Finalizada la guerra, llegó el retorno a los trabajos del campo, agricultores y ganaderos tuvieron que reconstruir sus vidas en unos paisajes destrozados por los combates, salpicados por toda clase de armamento, municiones.

"Moitas das experiencias que documentamos, tanto arqueolóxicamente como falando coa xente dese lugares, son desa paisaxe da postguerra, cando tiveron que refacer a vida nun contorno esfarelado, cheo de cadáveres e bombas se explosionar", afirma Alfredo González.

Una granada Ferrobellum, usada como objeto decorativo en un tejado de una casa de Abánades (Guadalajara), es una muestra.

Concluido el combate, el seguimiento de los balances económicos de las empresas que suministraron alimentos, armas, equipaciones y servicios al bando franquista permitiría comprobar que, a partir de entonces vivieron sus mejores momentos, o que infraestructuras como el aeropuerto de Lavacolla (Santiago) fue construido por presos republicanos.

Otro apunte que realiza Alfredo González está relacionado con lo que denomina "el paisaje de la represión", en el que incluye los cuarteles de la Guardia Civil, cuyo simbolismo considera similar al de los fortines del ejército colonial español en el norte de África.

Desde que comenzó la campaña por la recuperación de la memoria histórica, las organizaciones implicadas en esta labor se centraron en los restos de las víctimas. La que realizó el equipo de Alfredo González, sacando a la luz miles de objetos, como zapatos, gafas, ropa, dentaduras, perfumes o monedas, fue tratar de aportar algún vestigio que las personalice.
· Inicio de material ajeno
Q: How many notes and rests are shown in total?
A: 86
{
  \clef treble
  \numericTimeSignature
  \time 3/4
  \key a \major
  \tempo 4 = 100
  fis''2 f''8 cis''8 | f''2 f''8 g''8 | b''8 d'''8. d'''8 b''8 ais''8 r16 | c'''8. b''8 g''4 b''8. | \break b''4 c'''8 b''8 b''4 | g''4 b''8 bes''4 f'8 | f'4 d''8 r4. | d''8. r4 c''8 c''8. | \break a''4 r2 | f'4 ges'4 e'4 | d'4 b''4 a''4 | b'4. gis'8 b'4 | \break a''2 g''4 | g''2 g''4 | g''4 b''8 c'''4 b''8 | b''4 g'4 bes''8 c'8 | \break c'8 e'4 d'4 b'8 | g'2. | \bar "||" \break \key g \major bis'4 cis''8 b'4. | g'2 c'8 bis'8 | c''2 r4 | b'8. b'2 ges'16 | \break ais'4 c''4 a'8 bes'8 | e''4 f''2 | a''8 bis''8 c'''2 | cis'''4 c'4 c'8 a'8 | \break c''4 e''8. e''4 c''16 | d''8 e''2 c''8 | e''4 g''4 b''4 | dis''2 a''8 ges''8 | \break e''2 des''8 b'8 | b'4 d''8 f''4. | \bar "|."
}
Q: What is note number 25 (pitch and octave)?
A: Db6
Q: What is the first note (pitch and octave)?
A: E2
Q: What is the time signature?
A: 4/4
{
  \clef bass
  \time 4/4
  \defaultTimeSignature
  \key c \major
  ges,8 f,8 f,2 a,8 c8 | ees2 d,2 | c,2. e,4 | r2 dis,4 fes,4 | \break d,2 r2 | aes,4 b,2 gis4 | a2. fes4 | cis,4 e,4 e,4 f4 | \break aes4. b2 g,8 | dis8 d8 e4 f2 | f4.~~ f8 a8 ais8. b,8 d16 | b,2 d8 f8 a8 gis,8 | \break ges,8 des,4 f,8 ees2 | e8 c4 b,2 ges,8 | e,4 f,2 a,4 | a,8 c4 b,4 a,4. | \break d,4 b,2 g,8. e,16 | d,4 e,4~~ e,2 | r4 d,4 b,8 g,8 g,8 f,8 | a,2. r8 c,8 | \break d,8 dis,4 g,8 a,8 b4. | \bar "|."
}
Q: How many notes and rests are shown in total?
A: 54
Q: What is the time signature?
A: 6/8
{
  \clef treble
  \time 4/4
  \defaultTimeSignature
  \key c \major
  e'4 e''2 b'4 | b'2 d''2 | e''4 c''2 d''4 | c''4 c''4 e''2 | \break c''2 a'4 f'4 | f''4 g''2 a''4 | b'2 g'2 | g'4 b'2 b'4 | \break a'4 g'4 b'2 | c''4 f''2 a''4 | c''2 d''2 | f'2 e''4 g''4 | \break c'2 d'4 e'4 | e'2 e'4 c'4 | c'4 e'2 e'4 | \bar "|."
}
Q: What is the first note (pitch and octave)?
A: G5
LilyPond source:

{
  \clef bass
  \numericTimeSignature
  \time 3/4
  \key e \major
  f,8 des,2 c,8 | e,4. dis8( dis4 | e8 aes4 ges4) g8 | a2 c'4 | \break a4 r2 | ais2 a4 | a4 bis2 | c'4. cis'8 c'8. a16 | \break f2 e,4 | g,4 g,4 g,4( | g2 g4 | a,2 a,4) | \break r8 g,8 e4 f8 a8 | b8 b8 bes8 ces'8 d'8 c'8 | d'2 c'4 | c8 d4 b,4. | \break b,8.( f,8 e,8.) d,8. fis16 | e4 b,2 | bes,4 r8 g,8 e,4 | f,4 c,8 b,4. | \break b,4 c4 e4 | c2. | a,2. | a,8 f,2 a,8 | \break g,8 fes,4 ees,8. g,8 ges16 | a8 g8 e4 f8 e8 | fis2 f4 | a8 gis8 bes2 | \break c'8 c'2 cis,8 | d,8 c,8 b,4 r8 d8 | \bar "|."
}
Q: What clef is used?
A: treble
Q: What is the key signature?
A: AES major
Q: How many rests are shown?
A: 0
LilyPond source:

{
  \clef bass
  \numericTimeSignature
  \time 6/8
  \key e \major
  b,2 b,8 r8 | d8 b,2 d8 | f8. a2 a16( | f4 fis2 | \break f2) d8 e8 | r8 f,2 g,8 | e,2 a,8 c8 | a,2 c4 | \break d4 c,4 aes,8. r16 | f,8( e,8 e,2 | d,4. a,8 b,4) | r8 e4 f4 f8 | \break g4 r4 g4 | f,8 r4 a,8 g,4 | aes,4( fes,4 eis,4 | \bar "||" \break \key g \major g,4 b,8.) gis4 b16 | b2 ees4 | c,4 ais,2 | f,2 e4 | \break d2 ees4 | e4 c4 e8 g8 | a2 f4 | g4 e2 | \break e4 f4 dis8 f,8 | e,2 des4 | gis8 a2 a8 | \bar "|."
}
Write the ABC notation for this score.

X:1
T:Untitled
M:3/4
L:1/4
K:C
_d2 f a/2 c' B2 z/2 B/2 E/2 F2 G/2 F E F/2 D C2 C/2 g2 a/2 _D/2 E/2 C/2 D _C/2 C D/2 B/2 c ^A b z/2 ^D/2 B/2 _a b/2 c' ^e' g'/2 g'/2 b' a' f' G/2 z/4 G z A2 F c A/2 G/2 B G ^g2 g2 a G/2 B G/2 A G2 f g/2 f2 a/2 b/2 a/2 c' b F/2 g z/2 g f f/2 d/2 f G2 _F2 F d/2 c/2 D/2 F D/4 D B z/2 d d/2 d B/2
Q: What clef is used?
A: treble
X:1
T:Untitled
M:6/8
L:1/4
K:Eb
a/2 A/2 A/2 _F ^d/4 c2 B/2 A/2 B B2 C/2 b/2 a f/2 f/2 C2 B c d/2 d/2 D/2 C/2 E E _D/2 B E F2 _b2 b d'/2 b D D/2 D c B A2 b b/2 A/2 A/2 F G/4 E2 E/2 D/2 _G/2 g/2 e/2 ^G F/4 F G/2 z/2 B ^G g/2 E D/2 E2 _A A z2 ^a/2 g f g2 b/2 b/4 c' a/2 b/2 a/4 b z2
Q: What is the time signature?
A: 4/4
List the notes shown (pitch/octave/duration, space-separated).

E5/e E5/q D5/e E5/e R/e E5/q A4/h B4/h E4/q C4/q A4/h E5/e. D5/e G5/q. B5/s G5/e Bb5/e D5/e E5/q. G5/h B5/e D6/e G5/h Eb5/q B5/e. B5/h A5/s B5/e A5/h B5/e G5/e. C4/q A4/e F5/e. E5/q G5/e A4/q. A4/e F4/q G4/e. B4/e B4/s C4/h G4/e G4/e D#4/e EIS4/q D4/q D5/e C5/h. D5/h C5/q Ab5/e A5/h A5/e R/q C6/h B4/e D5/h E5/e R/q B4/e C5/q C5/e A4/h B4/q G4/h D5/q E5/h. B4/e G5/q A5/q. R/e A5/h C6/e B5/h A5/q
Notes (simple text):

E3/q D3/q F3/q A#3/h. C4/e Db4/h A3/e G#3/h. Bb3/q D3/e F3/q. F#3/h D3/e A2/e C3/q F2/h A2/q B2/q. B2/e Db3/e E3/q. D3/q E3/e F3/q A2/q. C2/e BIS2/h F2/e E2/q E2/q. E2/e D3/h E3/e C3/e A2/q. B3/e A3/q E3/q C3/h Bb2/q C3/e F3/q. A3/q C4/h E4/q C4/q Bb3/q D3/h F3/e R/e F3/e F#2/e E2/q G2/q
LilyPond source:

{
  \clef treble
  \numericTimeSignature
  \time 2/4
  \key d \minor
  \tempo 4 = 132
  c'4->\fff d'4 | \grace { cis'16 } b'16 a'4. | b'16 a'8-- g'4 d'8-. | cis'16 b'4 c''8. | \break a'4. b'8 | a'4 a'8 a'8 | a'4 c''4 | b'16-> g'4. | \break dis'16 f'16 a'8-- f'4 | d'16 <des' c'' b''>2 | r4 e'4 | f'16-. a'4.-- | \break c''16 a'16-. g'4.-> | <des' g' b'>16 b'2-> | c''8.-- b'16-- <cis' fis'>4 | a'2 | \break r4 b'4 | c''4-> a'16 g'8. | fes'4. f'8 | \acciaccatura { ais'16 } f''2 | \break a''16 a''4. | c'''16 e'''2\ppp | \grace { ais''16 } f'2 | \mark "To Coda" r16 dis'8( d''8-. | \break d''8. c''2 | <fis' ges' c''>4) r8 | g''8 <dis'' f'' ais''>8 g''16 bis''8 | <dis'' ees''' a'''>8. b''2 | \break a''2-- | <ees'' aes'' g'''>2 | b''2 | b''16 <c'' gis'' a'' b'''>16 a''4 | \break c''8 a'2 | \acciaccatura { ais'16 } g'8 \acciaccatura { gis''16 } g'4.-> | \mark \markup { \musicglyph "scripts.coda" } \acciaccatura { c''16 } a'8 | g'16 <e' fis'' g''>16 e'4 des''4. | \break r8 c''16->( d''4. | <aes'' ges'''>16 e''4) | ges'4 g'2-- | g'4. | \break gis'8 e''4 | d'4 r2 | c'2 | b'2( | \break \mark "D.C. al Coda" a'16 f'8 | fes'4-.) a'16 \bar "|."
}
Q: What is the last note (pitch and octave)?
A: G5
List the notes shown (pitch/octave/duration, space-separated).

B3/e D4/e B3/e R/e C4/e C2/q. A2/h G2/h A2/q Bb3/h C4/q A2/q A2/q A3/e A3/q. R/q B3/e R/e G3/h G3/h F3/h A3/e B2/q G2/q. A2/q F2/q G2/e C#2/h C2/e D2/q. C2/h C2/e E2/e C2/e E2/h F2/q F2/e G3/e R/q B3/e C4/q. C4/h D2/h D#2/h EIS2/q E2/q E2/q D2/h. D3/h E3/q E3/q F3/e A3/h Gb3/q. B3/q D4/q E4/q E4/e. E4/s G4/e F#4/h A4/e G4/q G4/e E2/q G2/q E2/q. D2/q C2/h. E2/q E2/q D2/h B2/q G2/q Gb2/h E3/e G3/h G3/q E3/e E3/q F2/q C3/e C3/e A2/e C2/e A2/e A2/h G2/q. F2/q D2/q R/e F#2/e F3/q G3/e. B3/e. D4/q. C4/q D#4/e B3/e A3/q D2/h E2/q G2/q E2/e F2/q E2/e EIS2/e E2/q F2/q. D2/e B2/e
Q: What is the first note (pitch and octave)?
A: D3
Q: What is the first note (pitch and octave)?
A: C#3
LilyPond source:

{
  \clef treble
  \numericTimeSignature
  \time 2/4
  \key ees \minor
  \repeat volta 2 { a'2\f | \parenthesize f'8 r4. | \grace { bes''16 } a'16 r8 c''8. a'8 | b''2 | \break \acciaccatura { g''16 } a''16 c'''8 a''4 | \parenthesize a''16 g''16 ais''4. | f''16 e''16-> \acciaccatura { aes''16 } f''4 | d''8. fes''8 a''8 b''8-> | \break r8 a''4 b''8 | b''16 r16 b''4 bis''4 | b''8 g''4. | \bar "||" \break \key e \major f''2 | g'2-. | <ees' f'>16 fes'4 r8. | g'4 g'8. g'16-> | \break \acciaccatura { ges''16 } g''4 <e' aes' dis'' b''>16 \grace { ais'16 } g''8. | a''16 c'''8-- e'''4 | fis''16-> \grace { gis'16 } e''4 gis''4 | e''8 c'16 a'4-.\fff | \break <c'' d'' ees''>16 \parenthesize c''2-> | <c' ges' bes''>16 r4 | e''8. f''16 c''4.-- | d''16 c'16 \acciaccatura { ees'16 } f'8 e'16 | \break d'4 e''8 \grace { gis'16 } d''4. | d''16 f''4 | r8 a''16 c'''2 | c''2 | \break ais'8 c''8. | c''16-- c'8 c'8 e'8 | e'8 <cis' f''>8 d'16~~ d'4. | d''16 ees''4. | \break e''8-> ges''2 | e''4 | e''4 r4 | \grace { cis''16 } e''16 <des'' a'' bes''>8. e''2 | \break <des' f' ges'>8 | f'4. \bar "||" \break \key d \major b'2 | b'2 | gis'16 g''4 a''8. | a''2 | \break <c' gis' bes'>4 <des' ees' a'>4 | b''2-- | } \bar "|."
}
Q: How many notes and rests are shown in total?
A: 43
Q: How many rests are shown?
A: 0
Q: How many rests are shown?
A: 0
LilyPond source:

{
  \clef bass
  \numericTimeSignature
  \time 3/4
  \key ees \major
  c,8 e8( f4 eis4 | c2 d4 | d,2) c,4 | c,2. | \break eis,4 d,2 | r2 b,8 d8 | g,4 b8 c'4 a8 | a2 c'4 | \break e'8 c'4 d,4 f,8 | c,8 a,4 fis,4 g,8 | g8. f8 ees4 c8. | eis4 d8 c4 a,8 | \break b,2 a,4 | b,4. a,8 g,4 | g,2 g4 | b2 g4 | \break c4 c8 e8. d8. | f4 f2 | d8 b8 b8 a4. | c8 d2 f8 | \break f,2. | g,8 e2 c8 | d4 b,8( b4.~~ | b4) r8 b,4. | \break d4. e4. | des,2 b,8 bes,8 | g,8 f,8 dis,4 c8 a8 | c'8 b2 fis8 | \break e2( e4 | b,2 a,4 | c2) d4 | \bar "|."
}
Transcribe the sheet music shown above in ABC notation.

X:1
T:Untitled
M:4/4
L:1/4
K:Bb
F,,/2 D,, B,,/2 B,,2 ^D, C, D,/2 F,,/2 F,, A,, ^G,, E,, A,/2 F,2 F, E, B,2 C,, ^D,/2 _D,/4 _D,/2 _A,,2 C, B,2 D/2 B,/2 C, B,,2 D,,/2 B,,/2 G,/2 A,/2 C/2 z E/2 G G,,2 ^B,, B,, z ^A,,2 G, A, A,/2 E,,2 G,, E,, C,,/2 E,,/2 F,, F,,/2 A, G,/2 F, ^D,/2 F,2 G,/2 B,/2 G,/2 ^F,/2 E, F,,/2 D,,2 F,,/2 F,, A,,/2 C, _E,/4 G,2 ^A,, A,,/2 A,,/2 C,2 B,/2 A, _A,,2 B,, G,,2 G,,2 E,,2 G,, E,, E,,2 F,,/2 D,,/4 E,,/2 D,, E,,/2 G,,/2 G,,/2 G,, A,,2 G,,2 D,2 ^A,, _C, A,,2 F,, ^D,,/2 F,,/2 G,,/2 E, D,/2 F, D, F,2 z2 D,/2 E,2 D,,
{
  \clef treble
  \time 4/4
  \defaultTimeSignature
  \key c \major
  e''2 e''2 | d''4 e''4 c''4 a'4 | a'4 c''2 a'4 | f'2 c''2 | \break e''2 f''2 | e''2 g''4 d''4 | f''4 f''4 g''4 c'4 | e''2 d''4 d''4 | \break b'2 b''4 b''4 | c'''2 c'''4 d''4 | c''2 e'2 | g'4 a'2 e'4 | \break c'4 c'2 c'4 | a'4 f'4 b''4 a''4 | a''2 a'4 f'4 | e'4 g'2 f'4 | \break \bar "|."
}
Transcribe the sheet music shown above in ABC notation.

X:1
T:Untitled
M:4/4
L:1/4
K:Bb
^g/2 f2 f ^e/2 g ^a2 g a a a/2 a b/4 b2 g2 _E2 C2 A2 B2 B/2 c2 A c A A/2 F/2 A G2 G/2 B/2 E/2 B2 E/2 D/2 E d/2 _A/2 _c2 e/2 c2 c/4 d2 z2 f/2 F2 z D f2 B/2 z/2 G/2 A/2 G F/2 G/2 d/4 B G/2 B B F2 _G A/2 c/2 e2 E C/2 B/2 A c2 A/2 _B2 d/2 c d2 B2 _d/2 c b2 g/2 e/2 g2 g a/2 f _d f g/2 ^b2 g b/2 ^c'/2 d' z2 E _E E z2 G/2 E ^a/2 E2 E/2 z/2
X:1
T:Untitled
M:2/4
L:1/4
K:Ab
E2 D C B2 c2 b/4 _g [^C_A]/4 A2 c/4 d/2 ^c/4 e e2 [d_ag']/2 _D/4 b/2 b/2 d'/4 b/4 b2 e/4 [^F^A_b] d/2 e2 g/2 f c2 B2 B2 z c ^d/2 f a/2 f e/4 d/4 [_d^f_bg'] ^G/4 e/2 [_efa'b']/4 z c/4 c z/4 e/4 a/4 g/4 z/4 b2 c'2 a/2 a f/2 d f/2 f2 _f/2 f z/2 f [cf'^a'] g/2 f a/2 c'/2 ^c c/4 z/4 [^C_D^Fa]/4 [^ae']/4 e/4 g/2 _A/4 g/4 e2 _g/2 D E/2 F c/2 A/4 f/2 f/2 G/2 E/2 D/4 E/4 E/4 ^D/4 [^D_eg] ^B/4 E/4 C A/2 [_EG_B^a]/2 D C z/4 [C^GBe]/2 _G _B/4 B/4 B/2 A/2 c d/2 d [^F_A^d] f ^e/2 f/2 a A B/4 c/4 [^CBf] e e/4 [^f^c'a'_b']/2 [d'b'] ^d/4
En este empeño se encuentra con varios obstáculos: quienes se dedican a la búsqueda de vestigios para crear sus propias colecciones, a pesar de que, la musealización que proyecta una visión monótona de la guerra porque omite las cuestiones políticas, que resultan determinantes para entenderla, y la tendencia a eliminar los monumentos franquistas, que deben permanecer, pero lo que tiene que cambiar es la lectura que hace de ellos la sociedad.

"La intención del totalitarismo es hacer desaparecer a las personas y su memoria, hacer como si nunca hubieran existido", expone Alfredo González parafraseando a la filósofa Hannah Arendt. "O que realmente os individualiza son os obxectos, porque nos devolven un pouco das súas crenzas ou deses pequeños detalles da vida cotiá", agrega el arqueólogo pontevedrés.